■ **To do**
Report all lines in the records that hold the string "Photo".

%%

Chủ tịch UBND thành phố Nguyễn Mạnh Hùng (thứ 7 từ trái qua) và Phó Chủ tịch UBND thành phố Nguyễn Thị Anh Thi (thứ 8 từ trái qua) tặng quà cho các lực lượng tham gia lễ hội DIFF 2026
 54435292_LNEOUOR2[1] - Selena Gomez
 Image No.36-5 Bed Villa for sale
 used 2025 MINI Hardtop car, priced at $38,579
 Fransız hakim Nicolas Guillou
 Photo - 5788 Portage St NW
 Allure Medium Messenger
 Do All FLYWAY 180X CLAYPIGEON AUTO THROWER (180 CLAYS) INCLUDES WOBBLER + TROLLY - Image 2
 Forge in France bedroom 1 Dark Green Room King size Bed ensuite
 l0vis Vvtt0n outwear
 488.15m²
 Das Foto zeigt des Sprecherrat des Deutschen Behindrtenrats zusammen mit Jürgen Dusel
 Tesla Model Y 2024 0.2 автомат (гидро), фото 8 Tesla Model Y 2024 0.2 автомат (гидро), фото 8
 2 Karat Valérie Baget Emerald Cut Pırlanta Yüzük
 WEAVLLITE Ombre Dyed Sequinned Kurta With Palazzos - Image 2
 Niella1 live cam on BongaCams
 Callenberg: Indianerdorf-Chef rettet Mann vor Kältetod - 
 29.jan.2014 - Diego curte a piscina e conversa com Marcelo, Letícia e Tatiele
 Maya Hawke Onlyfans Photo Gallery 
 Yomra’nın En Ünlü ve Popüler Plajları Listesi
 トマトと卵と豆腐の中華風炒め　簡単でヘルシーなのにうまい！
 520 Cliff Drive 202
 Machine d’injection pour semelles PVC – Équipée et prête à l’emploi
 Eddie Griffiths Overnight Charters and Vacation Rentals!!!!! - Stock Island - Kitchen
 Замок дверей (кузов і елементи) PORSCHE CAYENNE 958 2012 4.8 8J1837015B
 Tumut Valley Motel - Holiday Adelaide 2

%%

■ **Exercise response**
 Photo - 5788 Portage St NW
 Maya Hawke Onlyfans Photo Gallery 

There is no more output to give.